Tendency to evaluate
(Kecenderungan untuk menghakimi). Jika mendapat informasi dari seseorang
mengenai keburukan orang lain, pimpinan cenderung mengambil sikap yang
mengevaluasi tanpa mengumpulkan data yang lengkap sebelum berkomunikasi dengan
orang yang dibicarakan tersebut. Karena terpengaruh oleh pandangan satu orang,
pimpinan langsung membentuk opini tertentu dan mengambil keputusan sepihak
tanpa melibatkan orang-orang yang terkait, dan tanpa mengumpulkan fakta
lapangan yang cukup. Ini bukanlah merupakan komunikasi dua arah, tetapi
komunikasi satu arah, atau bahkan bisa dikatakan bahwa tidak terjadi komunikasi
sama sekali.
Narrow perspectives (Perspektif yang sempit). Karena jarang meninjau pekerjaan
orang lain, atau keluar dari lingkungan pekerjaan sendiri, seseroang seringkali
dibatasi pada cara pandangnya sendiri. Ia tidak mencoba melihat dari sudut
pandang orang lain. Pimpinan yang sering mengambil keputusan besar yang
menyangkut keputusan keuangan dan strategi operasional secara umum, seringkali
tidak mempertimbangkan detail pelaksanaan pekerjaan dan sudut pandang para
pekerjaan. Sebaliknya, para karyawan, seringkali hanya melihat suatu masalah dari
sudut pandangnya sendiri (kepentingan individunya semata, tanpa mencoba
memahami sebuah situasi dari sudut pandang yang berbeda). Sempitnya perspektif
inilah yang sering menyebabkan konflik (tiap orang hanya melihat dari sudut
pandang sendiri, dan tidak mencoba memahami orang lain). Sebagai contoh,
keputusan seorang pemimpin untuk membatasi percakapan telepon selama tiga menit
saja, dianggap sebagai keputusan yang tidak populer, apalagi untuk bagian
marketing yang sering kali menggunakan telepon untuk berhubungan dengan calon
pelanggan atau pelanggan yang ada.
Mismatched expectations. Peter Drucker mengatakan bahwa pikiran manusia seringkali hanya membatasi informasi yang cocok dengan ekspektasinya Jika, ternyata informasi yang disampaikan tidak sesuai dengan apa yang diharapkan, maka orang tersebut cenderung tidak termotivasi untuk mendengarkan informasi yang disampaikan. Misalnya: jika dalam rapat-rapat ternyata seringkali tanggapannya tidak diperhatikan, maka karyawan cenderung enggan menyatakan pendapat, karena ia beranggapan percuma saja menyampaikan pendapat, karena biasanya juga tidak ada follow-up-nya. Demikian pula dengan pimpinan, yang sering mendengarkan pendapat karyawan yang dianggapnya tidak relevan dengan keputusan yang akan diambil. Pimpinan tersebut cenderung tidak mendengarkan pendapat dari orang tersebut di waktu-waktu yang berikutnya.

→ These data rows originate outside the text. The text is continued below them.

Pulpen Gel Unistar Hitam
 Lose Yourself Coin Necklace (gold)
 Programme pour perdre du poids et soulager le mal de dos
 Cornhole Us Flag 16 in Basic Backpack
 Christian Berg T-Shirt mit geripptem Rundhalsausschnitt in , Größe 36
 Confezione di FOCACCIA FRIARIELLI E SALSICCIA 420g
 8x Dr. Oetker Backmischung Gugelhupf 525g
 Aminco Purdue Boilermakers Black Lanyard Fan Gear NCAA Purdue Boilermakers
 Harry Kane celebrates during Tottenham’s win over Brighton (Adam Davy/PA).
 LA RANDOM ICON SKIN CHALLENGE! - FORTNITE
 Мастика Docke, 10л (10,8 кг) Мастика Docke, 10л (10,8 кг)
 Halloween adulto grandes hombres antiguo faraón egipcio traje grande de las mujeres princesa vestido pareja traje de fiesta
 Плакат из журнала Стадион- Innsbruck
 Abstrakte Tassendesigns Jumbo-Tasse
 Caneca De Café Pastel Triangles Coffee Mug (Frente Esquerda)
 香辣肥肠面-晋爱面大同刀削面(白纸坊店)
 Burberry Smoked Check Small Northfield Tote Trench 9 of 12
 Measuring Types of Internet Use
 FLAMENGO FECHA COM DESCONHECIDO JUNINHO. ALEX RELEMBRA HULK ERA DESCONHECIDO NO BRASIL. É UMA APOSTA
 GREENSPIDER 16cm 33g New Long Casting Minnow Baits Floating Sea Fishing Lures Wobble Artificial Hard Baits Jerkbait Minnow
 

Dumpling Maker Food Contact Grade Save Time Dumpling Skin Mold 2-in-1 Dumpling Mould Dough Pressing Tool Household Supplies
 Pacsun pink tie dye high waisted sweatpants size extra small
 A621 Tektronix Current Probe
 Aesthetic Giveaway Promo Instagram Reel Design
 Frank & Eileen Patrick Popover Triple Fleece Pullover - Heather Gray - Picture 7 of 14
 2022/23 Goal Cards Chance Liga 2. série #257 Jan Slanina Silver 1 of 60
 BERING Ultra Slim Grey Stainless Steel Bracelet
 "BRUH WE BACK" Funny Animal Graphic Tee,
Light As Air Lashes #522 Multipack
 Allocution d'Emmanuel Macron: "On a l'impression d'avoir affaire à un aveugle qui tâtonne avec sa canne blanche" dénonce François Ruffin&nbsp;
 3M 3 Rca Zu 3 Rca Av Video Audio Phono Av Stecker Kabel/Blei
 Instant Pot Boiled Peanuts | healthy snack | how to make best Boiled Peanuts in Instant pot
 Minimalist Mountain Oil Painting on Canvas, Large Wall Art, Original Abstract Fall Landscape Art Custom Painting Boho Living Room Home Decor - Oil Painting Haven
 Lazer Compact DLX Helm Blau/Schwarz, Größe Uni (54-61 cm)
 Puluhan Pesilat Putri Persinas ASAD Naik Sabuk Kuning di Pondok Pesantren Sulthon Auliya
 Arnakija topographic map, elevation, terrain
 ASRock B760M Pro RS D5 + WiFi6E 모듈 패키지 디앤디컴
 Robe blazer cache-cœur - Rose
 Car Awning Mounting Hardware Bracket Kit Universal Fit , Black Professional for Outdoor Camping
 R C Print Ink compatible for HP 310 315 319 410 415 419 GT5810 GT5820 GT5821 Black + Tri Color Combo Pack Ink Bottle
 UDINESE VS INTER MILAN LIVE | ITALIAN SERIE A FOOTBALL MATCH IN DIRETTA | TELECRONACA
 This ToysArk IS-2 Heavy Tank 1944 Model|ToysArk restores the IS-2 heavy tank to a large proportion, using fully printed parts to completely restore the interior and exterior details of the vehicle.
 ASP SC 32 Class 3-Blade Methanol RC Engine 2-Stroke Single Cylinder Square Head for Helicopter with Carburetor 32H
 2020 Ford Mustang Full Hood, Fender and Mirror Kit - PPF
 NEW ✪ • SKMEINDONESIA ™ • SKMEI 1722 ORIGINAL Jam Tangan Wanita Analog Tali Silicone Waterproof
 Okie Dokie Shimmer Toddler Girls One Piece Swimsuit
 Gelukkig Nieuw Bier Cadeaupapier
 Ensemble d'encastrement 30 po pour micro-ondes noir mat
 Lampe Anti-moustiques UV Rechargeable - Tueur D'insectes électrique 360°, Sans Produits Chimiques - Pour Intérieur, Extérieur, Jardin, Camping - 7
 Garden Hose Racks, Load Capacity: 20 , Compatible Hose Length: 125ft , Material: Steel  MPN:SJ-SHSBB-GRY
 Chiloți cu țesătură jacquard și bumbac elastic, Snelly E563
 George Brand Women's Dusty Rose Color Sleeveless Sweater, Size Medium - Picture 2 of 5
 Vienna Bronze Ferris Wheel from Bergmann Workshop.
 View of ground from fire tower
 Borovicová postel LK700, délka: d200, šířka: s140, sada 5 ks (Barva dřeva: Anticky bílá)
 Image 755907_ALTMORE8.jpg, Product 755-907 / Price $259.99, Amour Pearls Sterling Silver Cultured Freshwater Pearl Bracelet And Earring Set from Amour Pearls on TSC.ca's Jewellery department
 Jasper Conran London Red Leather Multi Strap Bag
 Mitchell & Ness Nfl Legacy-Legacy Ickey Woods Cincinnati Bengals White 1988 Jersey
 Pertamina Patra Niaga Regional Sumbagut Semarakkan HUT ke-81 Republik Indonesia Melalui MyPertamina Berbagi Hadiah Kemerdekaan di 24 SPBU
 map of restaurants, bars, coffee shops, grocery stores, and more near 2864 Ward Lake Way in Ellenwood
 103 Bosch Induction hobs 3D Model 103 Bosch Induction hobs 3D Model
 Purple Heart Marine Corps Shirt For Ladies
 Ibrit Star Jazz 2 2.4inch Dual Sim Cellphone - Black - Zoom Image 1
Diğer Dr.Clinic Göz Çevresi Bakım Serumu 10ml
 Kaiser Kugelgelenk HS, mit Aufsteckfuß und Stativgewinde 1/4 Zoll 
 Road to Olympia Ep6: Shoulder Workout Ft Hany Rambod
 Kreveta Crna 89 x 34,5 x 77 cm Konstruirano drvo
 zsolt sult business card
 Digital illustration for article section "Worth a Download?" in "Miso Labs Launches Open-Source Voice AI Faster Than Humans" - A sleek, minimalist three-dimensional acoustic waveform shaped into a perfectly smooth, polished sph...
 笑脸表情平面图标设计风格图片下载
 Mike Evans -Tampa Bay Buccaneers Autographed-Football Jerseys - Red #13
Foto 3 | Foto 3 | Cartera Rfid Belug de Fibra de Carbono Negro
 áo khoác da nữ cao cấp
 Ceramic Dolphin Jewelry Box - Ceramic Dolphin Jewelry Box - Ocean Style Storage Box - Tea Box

Insufficient time. Alasan lain adalah keterbatasan waktu untuk menyampaikan informasi secara menyeluruh. Karena kegiatan rutin yang harus diselesaikan dengan segera, seringkali waktu berkomunikasi dilupakan, atau komunikasi dilakukan dengan tergesa. Akibatnya, informasi yang disampaikan kepada orang lain pun tidak lengkap. Dampaknya adalah orang lain hanya menerima sebagian informasi (tidak utuh), sehingga ada kemungkinan informasi tersebut salah dipahami.
MEMBANGUN KOMUNIKASI DUA ARAH
Setelah memahami berbagai kendala yang menghambat terjadinya komunikasi dua arah, kita akan lebih mudah untuk menyusun strategi guna membangun komunikasi dua arah tersebut. Berikut adalah beberapa strategi yang bisa dicoba.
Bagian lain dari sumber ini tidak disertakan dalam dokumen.